Here is a report on recent news and commentary related to the Federal Circuit and its cases. Today’s report highlights:
- a podcast episode discussing the ongoing investigation into Judge Newman’s fitness to serve as a judge;
- a blog post about the effects a recent Federal Circuit precedential opinion has on interference proceedings for post-America Invents Act patents; and
- an article about “evolving standards for stipulations to avoid discretionary denial” in inter partes review proceedings before the Patent Trial and Appeal Board.
David Schultz posted a podcast episode for Bloomberg Law discussing the ongoing investigation into Judge Newman’s fitness to serve as a judge. In the episode, Schultz points out how “we hear from Newman herself about why she doesn’t want to retire, why she thinks her fellow judges are going after her, and about what she can still contribute to the federal justice system.”
Steve Brachmann wrote a blog post for IPWatchdog about the effects the Federal Circuit’s recent precedential opinion in SNIPR Technologies Limited v. Rockefeller University has on interference proceedings for post-AIA patents. He notes how “the Federal Circuit found that” the Patent Trial and Appeal Board “erroneously subjected SNIPR’s patents to interference proceedings that Congress meant to eliminate when it enacted the America Invents Act (AIA) of 2011.” He also highlights how “[l]egislative history cited by” the Federal Circuit “established Congress’ view that interference proceedings were lengthy, expensive and unnecessary under a first-inventor-to-file system.”
David McCombs, Eugene Goryunov, and Jonathan Bowser authored an article for Reuters about “evolving standards for stipulations to avoid discretionary denial” in inter partes review proceedings before the Patent Trial and Appeal Board.

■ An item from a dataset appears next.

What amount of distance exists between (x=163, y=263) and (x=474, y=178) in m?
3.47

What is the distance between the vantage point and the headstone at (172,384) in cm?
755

They point out how the “Supreme Court and the . . . Federal Circuit have afforded the PTAB broad discretion to deny institution of a petition for reasons other than the merits.” For example, they note how, “in recent years, the PTAB has used its discretion to deny institution of a petition when a district court may decide validity issues before the PTAB would.” The article then proceeds to discuss strategies for petitioners to avoid “discretionary denials.”